This article is written by Pradipta Nath, a practicing lawyer.
The application of ESIC Act over Employee’s Compensation Act, 1923 can be sub-served in this, ‘BIRD’ model as formulated here-under for its easy projection.
- ‘B’ – Barred provision/s under the ESIC for availing benefit/s under other provision/s of other enactment/s.

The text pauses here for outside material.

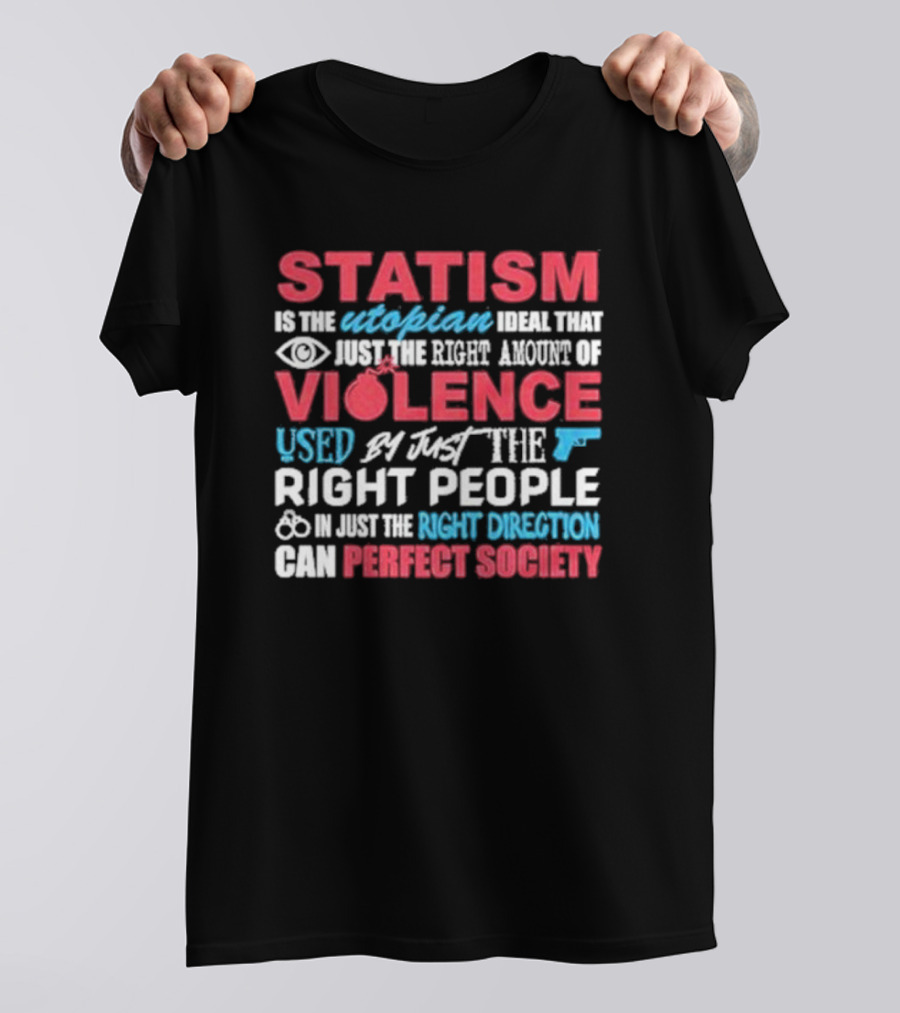 Statism Is The Utopian Ideal That Just The Right Amount Of Violence Used By Just The Right People In Just The Right Direction Can Perfect Society T-Shirt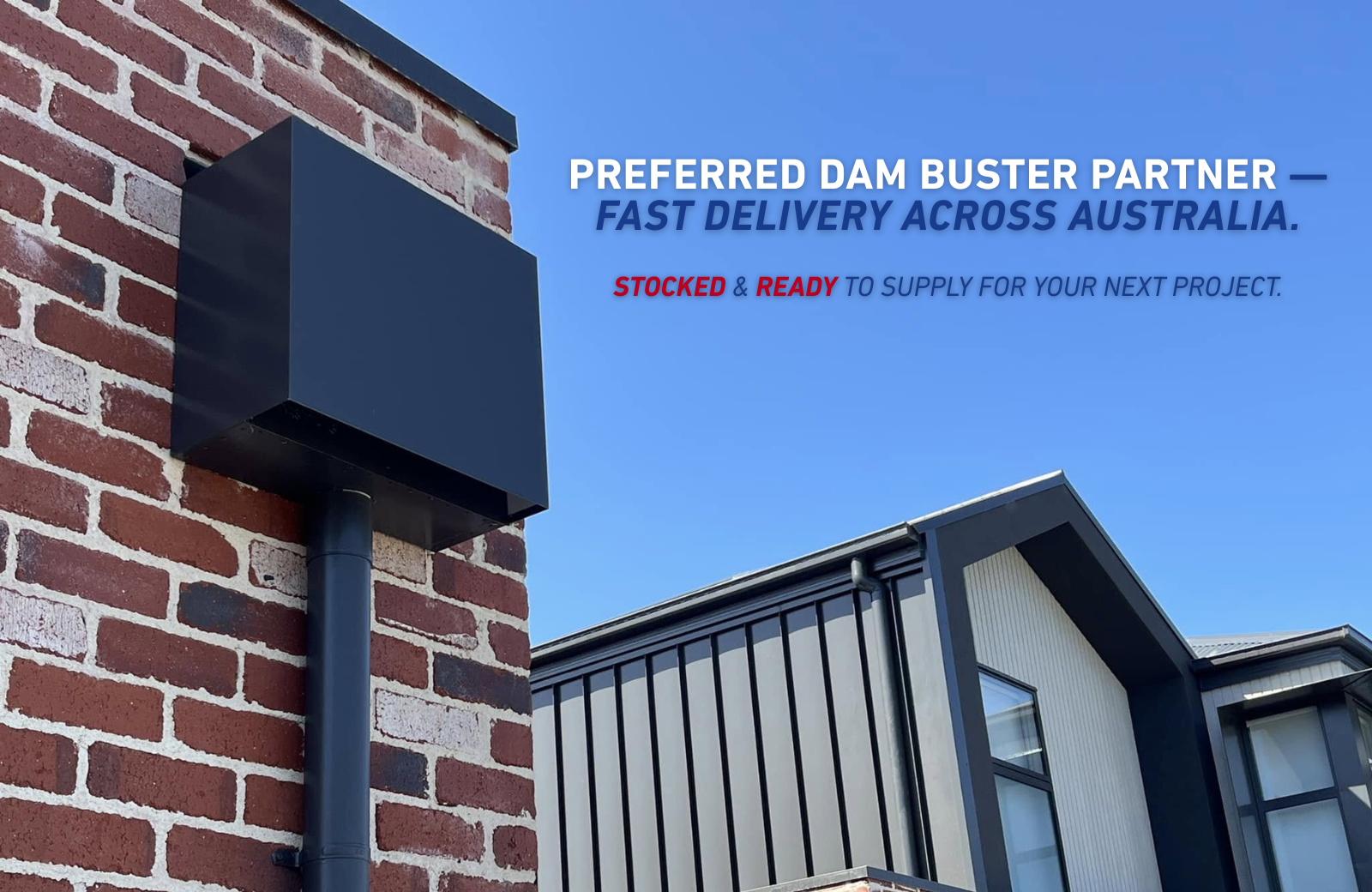 Dam Buster Roof Drainage Solutions: Compliant, Reliable & Trusted by Trades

- 53 under the Employees State Insurance Act, 1948 read as: –
Bar against receiving or recovery of compensation or damages under any other law
An insured person or his dependants shall not be entitled to receive or recover, whether from the employer of the insured person or from any other person, any compensation or damages under the Workmen’s Compensation Act, 1923 or any other law for the time being in force or otherwise, in respect of an employment injury sustained by the insured person as an employee under this Act.
- 61 under the ESIC Act read as: –
Bar of benefits under other enactments
When a person is entitled to any of the benefits provided by this Act, he shall not be entitled to receive any similar benefit admissible under the provisions of any other enactment.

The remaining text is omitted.